By David Morrison  |  07/12/2017 17:07
On the first trading day of this year, the EURUSD traded below 1.0350 to hit a 14-year low. The move led a number of commentators to forecast that the pair was on course to trade at parity for the first time since the end of 2002. However, the single currency subsequently put in a solid rally. The euro pushed higher until mid-September when the EURUSD broke above 1.2000 to hit its highest level since early 2015. The dollar then recovered a touch in a move which saw the pair retest support around 1.1600. Then the euro bounced, briefly hitting the 76.4% Fibonacci Retracement of the September-November pull-back around 1.1960. Now the dollar has undergone a mild recovery and the big question is where we go from here. My colleague Ashraf Laidi will be looking at the technical set-up behind some currency pairs in tonight’s webinar and a seminar tomorrow evening. You can get a taster of his thoughts here.  We’ll consider some of the fundamental influences on the EURUSD in this commentary.

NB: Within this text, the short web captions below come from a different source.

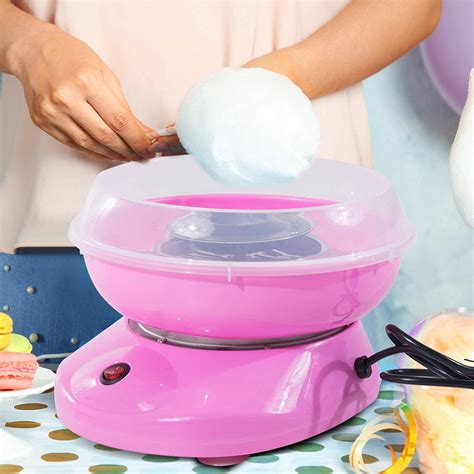 Buy AZOD Mini Cotton Candy Machine Household DIY Cotton Candy Maker ...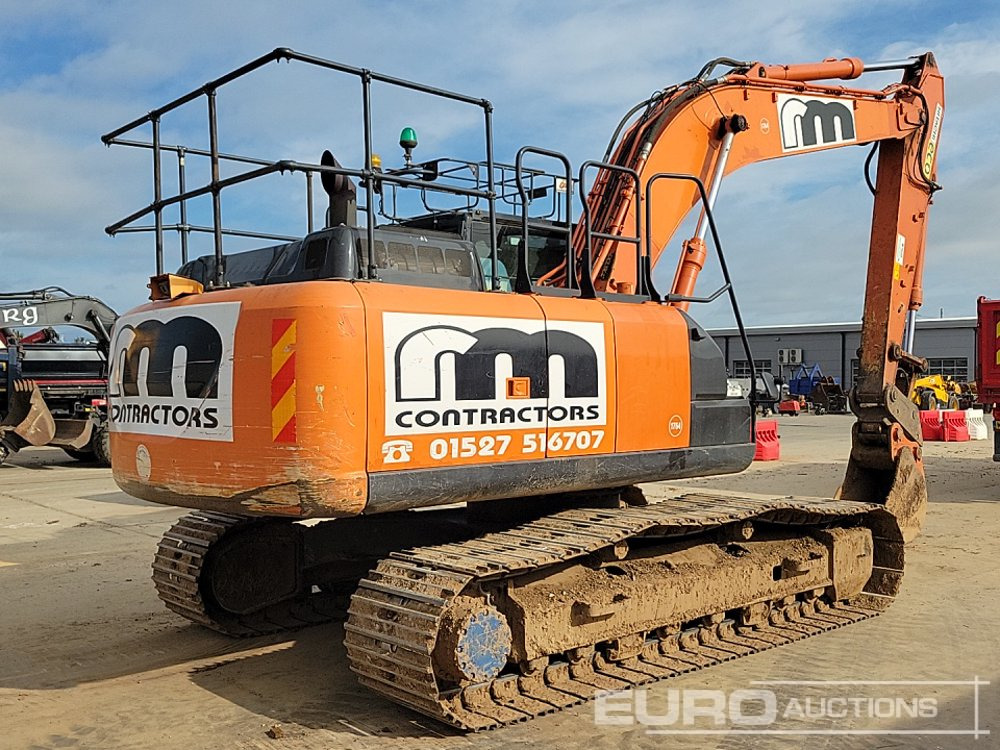 2019 Hitachi ZX210LC-6 - Bager guseničar: slika 5 2019 Hitachi ZX210LC-6 - Bager guseničar: slika 5
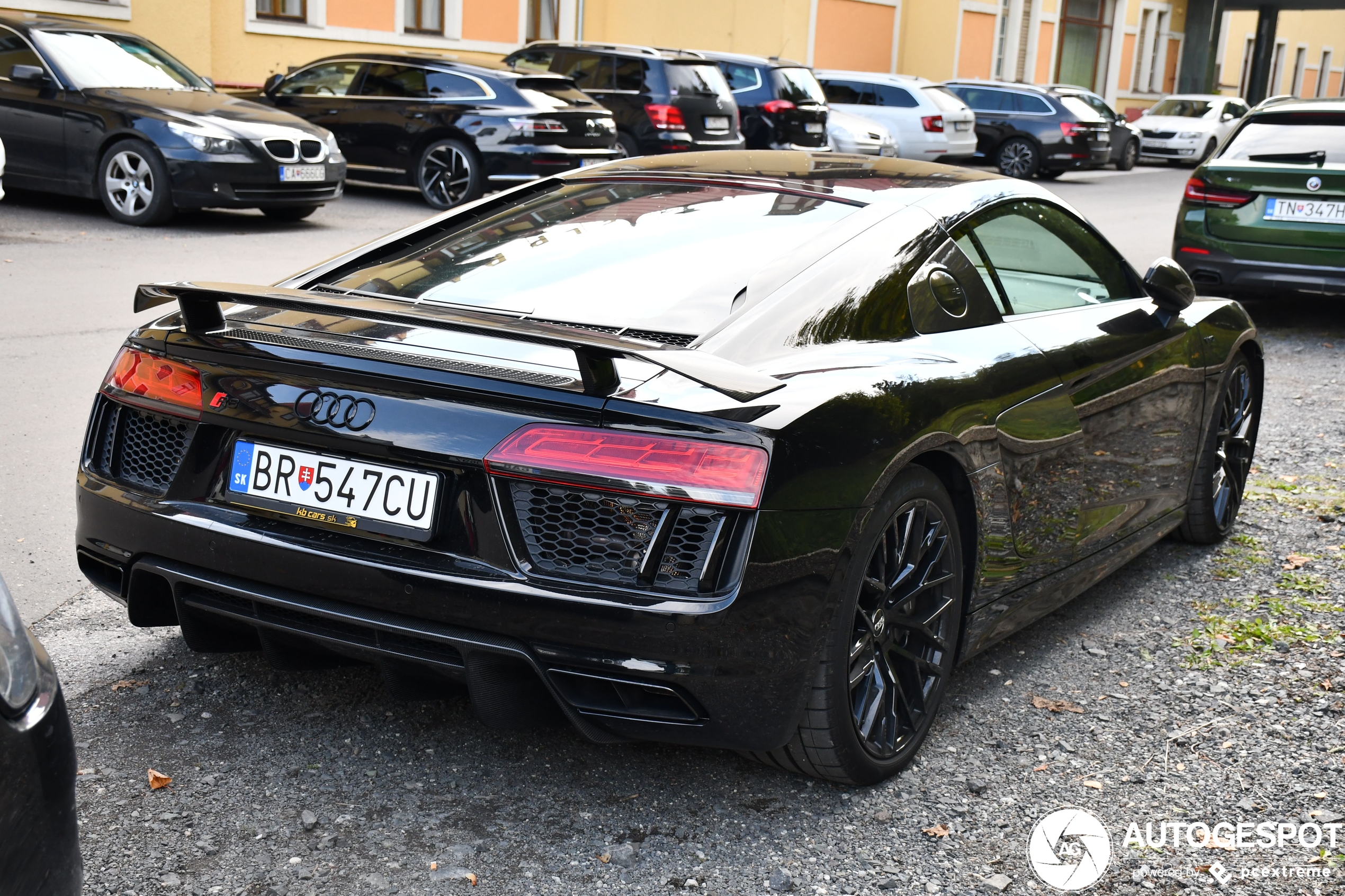 Audi R8 V10 Plus 2015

The dollar got a boost this week on the increased likelihood of an agreement on US tax reform being reached before the year-end. Last weekend investors were taken by surprise after the Republican proposals for tax cuts passed through the Senate. On Monday the Republican-controlled House of Representatives voted to go to conference with the Senate to begin formal negotiations.

Tax reform is seen as positive for the dollar. The thinking behind this is partly that the proposed corporation tax cut will help US multinationals to reduce prices, be more competitive overseas and thus boost sales. Also, multinationals will want to take advantage of a tax break on repatriated overseas earnings and convert foreign currency into dollars to send it home. But there’s still a high probability that the tax reform package gets messed up under a barrage of compromises. After all, there are a number of significant differences between the reforms voted on by the House and those passed by the Senate, both in scope and timing. Even if Congress reaches agreement, there could be some negative kick-back if the market decides that unfunded tax cuts (which could cost anything between $3 and $7 trillion over the next 10 years, according to the Committee for a Responsible Federal Budget) are too much of a burden on top of record levels of national debt.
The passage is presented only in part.